Challenges on Mount Washington
2010-09-30 22:35:16.000 – Brian Clark, Observer and Meteorologist
Water, water, everywhere
While I was in the kitchen making lunch this afternoon, I had an interesting conversation with fellow observer Mike Finnegan and our volunteer for the week, Matt Stearns. Matt brought up a topic from our weekly Wednesday shift change meeting from the previous day, and mentioned that although probably mundane to us, he found the problems and challenges that we face while working in this setting very intriguing. My response was something along the lines of, ‘They’re interesting for us at first, but often they quickly turn to nuisances and frustrations when they recur over and over again’.
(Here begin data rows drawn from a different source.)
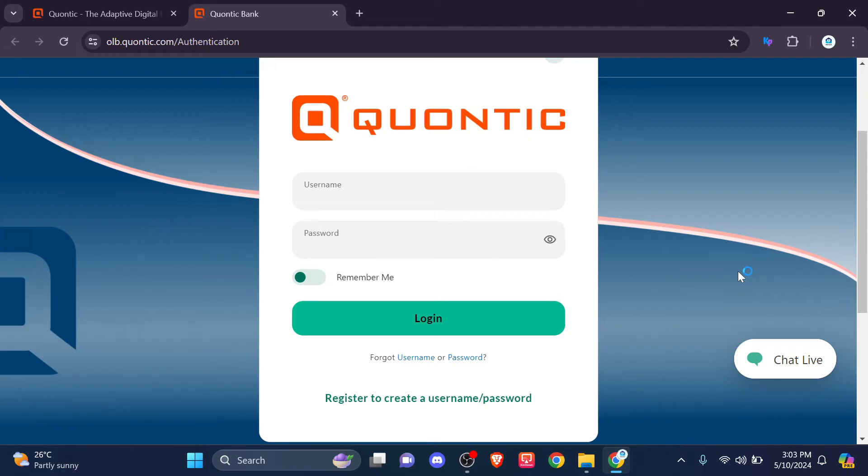If you forgot your username or password, please click on the forgot username or password button to reset your username or password.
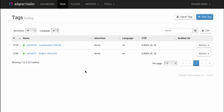And that's how tags are imported into Adgear Trader. Now we're ready to create flights and map these tags into flights for the purposes of buying inventory on the exchanges.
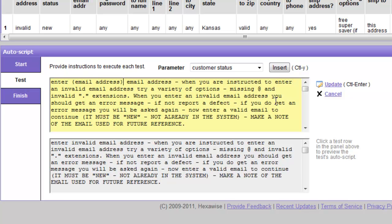Now why would we do that? Remember that we're going to replicate this new customer case to create a set of tests for a returning customer. So in effect we're entering a new customer into the database which we can later use as a returning customer and that's why we make a note of their email address. So what we see here is we have written a generalized instruction that will then be repeated for each individual test case with the difference as shown in this lower window here.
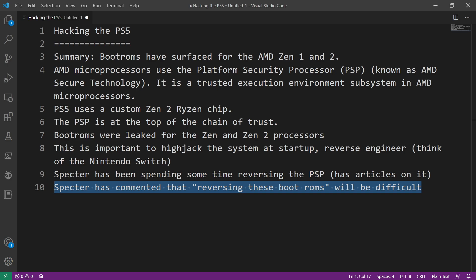But it's also going to be very time consuming in order to reverse the boot ROMs that was in that leak. So will anything come out of this? Nobody absolutely knows.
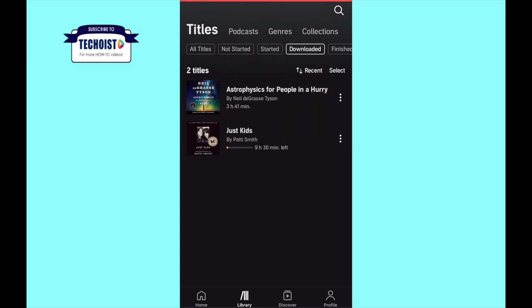So that's how you buy Audible books on iPhone or iPad. If this helped you, please give it a like and let us know by commenting below. And don't forget to subscribe for more how-to instructional videos. Thank you very much.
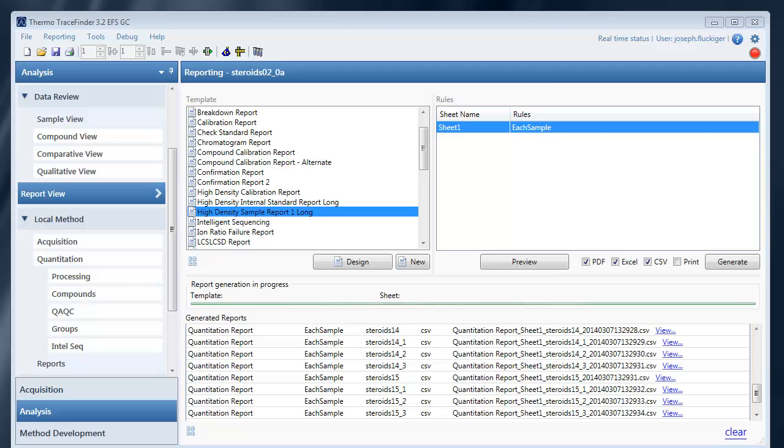Hi, my name is Joseph Flukiger and in this tutorial I'm going to explain how to design a template in TraceFinder 3.2 in the new reporting engine which is spreadsheet based.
Now it doesn’t take long working on the summit to realize that we face some very unique challenges in completing our mission as a non-profit scientific, education, and research organization. Although winter tends to bring these in greater frequency, every season has its problems.
Take today for example.
If you live anywhere on the east coast, you already know that saying it rained today would be an understatement. Mount Washington was certainly no exception with almost 1.5 inches of rain measured as of the writing of this comment. All that water, coupled with ‘moderate’ winds (40-60 mph) forces water through the smallest of cracks in the building. Considering that the Sherman Adams Building is now almost exactly 30 years old, those cracks and crevices are quite numerous. Of course, we have tried numerous ways of keeping the water out: silicone sealant, foam weather seal, etc. Sometimes it works, most of the time, it doesn’t. In the end, placing buckets in strategic locations is often the only real ‘solution’.
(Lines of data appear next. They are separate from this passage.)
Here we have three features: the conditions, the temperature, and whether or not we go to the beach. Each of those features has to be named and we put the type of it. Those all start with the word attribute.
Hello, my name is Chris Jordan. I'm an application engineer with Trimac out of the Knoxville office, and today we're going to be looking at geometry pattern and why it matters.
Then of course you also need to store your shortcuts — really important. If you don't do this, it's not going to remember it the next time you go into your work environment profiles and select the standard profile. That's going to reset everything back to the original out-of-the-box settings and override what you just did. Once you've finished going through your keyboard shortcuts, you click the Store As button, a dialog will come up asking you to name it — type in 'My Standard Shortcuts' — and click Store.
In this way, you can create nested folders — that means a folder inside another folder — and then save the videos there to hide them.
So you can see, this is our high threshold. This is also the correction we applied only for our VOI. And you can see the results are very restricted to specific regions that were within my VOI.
All this water not only makes a mess, but also makes things that should seem like simple tasks, very complex to nearly impossible. For example, painting the concrete floor in the Cold Room, one of the levels of our tower. This summer we have made a concerted effort to clean and paint the tower, and this floor is one of the last things to complete in that effort. On advice from a paint expert, we purchased an epoxy paint that would typically be used to paint something like a garage floor. The problem: it turns out this paint needs about one week of dry conditions to really cure properly, and then be resistant to the effects of water. If you know anything about Mount Washington, you know that getting even just two or three consecutive days of dry weather is very, very rare. So unfortunately, after just a week and a half, some of the paint on the Cold Room floor is already starting to peel up because water pools on the floor. This is not a new problem, and definitely falls under the category of challenges that just get more frustrating as time goes on.
In the end though, this facet of working on Mount Washington is one of the reasons that I enjoy working here. Just when I think you’ve figured everything out, something new comes along, keeping me on my toes and always keeping me challenged. Luckily for me, this is not only something I look for in a job, but also in life in general.